The Philadelphia Activities Fund, which has a $2.5 million annual budget, had for years allowed district City Council members to unilaterally give away hundreds of thousands of dollars to groups and people of their choosing.
This week, the fund hired Chesire Law Group, a Germantown-based firm, with the goal of “getting the board professionalized,” according to Councilman Brian O’Neill, the fund’s chairman.
First step: Getting the fund’s federal charity status back.
The Inquirer reported last month that the IRS revoked the fund’s federal tax-exempt status nearly a decade ago for failure to file tax returns — a fact board members didn’t realize until being told by a reporter. Not having a federal tax exemption was essentially a violation of the fund’s bylaws.
Hiring the law firm is the latest step in a series of reforms since the Inquirer story. “It’s a good thing to get started on righting the ship,” O’Neill said.
What the law firm will do
A small, female-owned firm, Cheshire Law Group specializes in advising nonprofits. Its hiring followed the recommendation of Parks and Recreation Commissioner Kathryn Ott Lovell, who serves as the fund’s vice president but is a nonvoting member.
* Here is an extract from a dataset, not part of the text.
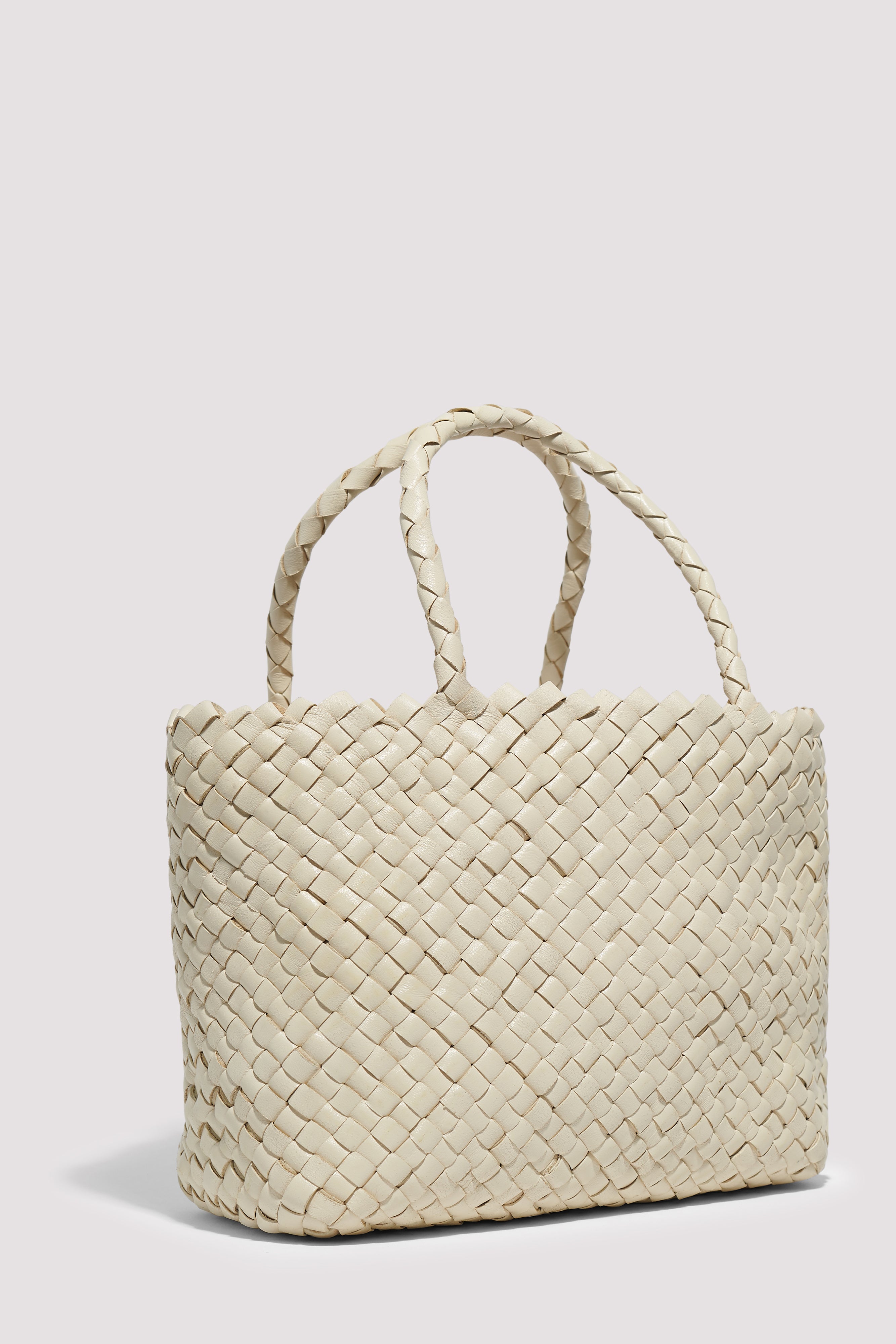 Dragon Diffusion White Leather Mini Basket Tote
O’Neill said a contract was signed Tuesday. The firm will be paid up to $340 an hour. The contract is capped at $30,000, since it was not publicly bid.
O’Neill said he wasn’t sure how long the lawyers would take to do the work. But he doesn’t expect them to reach the cap. He said he hopes to hire an auditor once the nonprofit lawyers have straightened out some of the legal and tax issues.
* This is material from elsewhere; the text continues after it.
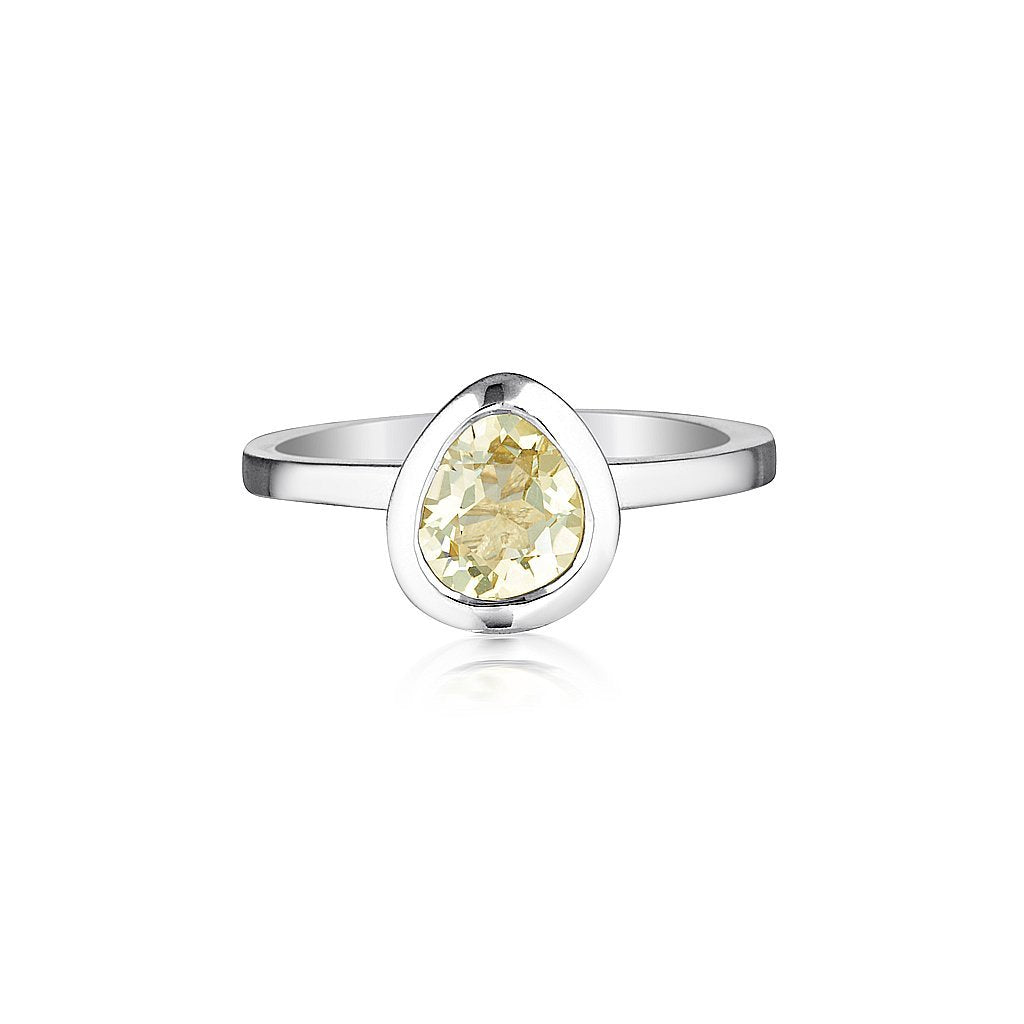 Premium Lemon Quartz Celebration Stacker Ring - Elegant Tri-Cut Design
The fund’s board of directors consists of three Council members — O’Neill, Cindy Bass, and Jannie L. Blackwell — plus a Council staffer and three others with ties to the Parks and Recreation Department, including its commissioner, Kathryn Ott Lovell. Most of the members have previously served or run nonprofits.
It was only in the last year that the fund’s board began regularly meeting and started getting up to speed on the fund’s operations.
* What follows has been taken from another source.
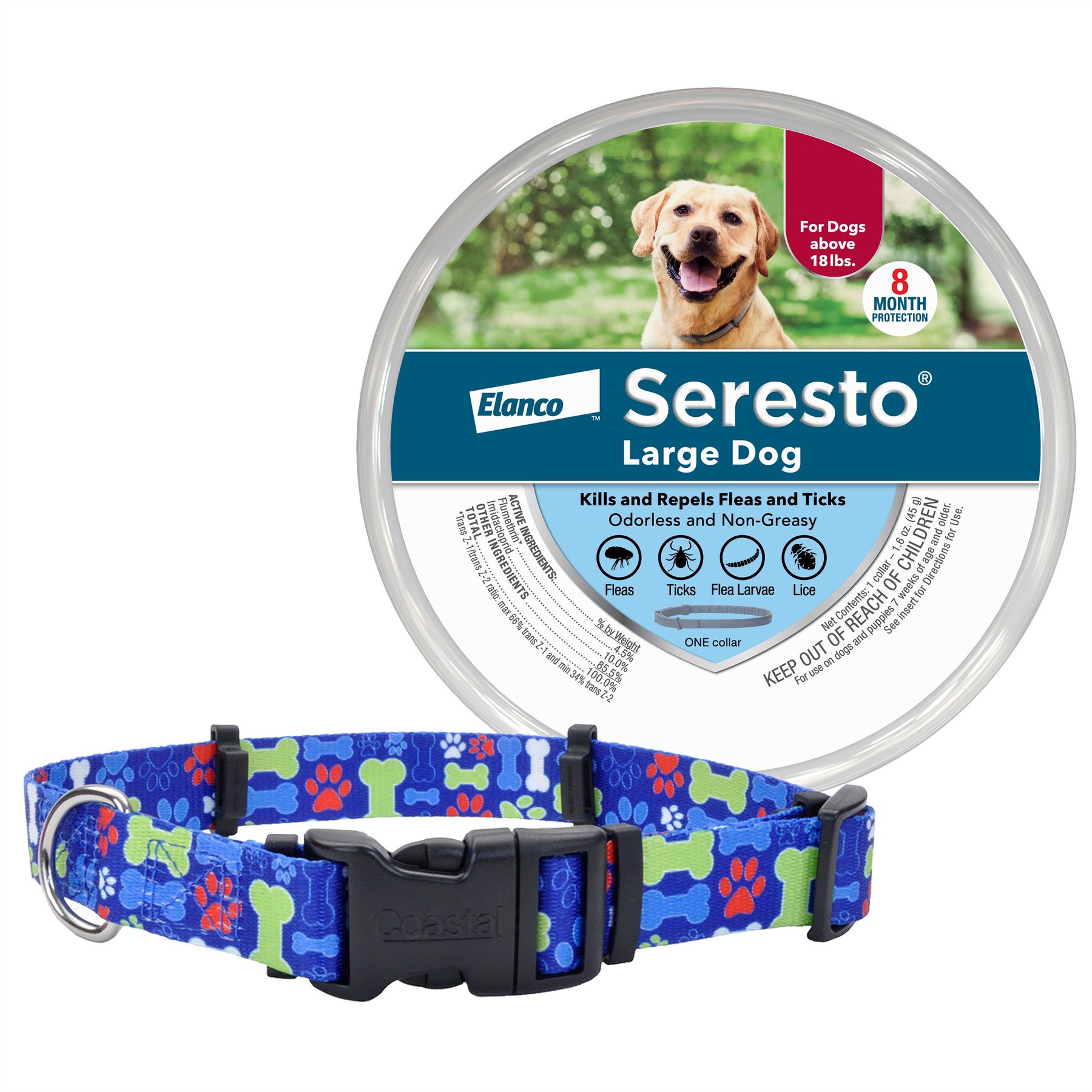 SecureAway Dog Flea Collar Protector, 18-26-in, MultiBone + Seresto Flea & Tick Collar for Dogs, over 18-lbs, 1 Collar (8-mos. supply)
“We didn’t even have the bylaws until last meeting,” O’Neill said.
He said the board will review the bylaws to learn what it should be doing or what should be amended. “Some of it is pretty straightforward that hasn’t been followed but should be easy to fix,” he said.
Will closed-door meetings end?
Currently, the board meets behind closed doors, and decisions are left to district Council members’ discretion. Due to the opaque nature of the fund’s operations, nonprofit experts have suggested that the Activities Fund open its meetings to the public.
Beth Gazley, a professor and nonprofit expert at the Paul H. O’Neill School of Public and Environmental Affairs at Indiana University, said that cities sometimes create nonprofits to make grant-making easier, but that transparency can be lost.
“If you’re city-funded … you should have open meetings," she said. "There’s nothing wrong with that.”
O’Neill previously said open meetings wouldn’t be a good idea because board members wouldn’t be as candid. But this week he said he’s been giving it thought and looking into what other nonprofits do.
He said he one model that might work is to keep personnel and legal matters in a closed executive session — as most public bodies do — but otherwise hold public meetings for decisions.
Both Bass and Blackwell said they would agree to public meetings.
“I don’t mind having meetings open to the public about the Activities Fund,” Blackwell said.